Setelah lama dan malam mulai agak larut. Kami pun membubarkan diri dan pamit satu dengan yang lain. Kami segera pulang ke rumah masih masing-masing.
“Tolong-tolong,” terdengar Paijo kembali lari menuju teman-temannya.
“Ada apa Jo, Paijo?” tanya Paimin dan Parno yang segera menghampiri suara itu. Karena mereka belum jauh berpisah dari nongkrong bareng tadi.
“Ahhhh, ahhhhh, aaahhh,” seru Paijo gagu, tidak bisa berkata.
“Sabar-sabar, hela nafas sebentar,” Pinta Paimin.
“Ada hann, hannnntuu,” seru Paijo masih gagap
“Ahhhhhh, hantuuuuuu,” seru Paimin dan Parno serentak.

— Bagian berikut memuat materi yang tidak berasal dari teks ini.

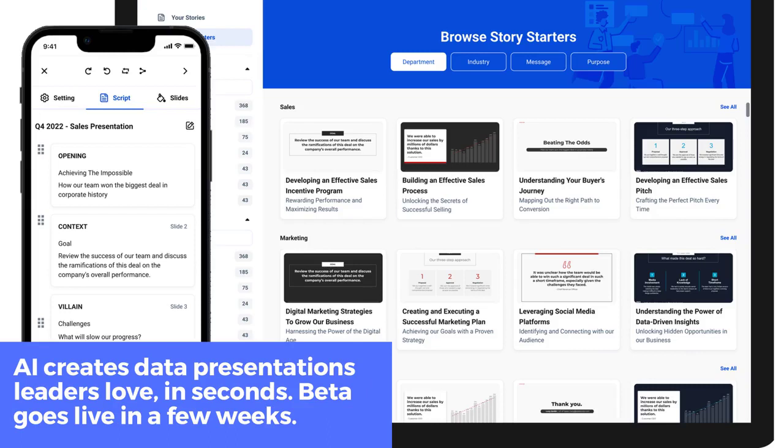AI Data Presentation: STORYD. It creates AI data presentations that leaders love, in seconds. Beta goes live in a few weeks. You can use this tool to create your own presentations or collaborate with others — it's easy for anyone to use. You don't have to be a data scientist or engineer to get started because it's so user-friendly. Be sure to sign up now so you can be one of the first people on your team to get access when the beta goes live.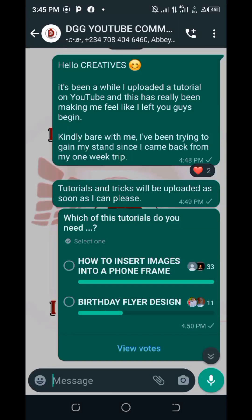Hello creatives, welcome to this video tutorial. This is David Gladness, and in this particular video I'm going to be discussing how you can insert images into your phone frame. I received requests for this topic, and I set up a vote poll — the votes for inserting images into a phone frame were much larger than those for birthday flyer design, so that's what I'm showing you today.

Akhirnya mereka pun bertiga berlari menuju tempat jaga ronda. Tukang jaga pun merasa kaget kedatangan kami bertiga. Kami menceritakan bahwa ada hantu. Akhirnya mereka pun berkumpul ramai ramai. Tidak selang lam ada seorang datang ke Pos Ronda itu.
“Ada, apa pada lari, lari?” tanya mbah Mitro.
“Ohhhhhh, Mbah Mitro pakai sarung dan pakaian serba putih, saya kira hantu mbahhhh,” Seru Paijo sambil malu.
“Jo, Paijo. Kamu itu sudah gede masih penakut. Kamu juga Paimin dan Parno. Bagimana kamu mau ikut menjaga kampung ini jika kalian masih penakut,” seru Mbah Mitro.
“Jadi orang harus kuat imannya,” nasehat mbah Mitro.
“Iya Mbah,” seru kami sereantak
“Mbah kan Para rasul juga pernah takut hantu,” seru Paijo membela diri sambil tersenyum.
“Dah sana pulang dah malam, jangan lupa berdoa sebalum pulang. Saya mau siskamling malah dikira hantu,” seru Mbah Mitro sedikit agak jengkel.
“Iya mbah,” seru kami bertiga seraya meninggalkan tempat ronda diriringi ejekan para tukang ronda sambil ketawa haaaaaaaaa.
“Jo, Paijo, dasar wong deso penakut kok permanen,” seru Paijo dalam hati seraya pulang menuju rumah.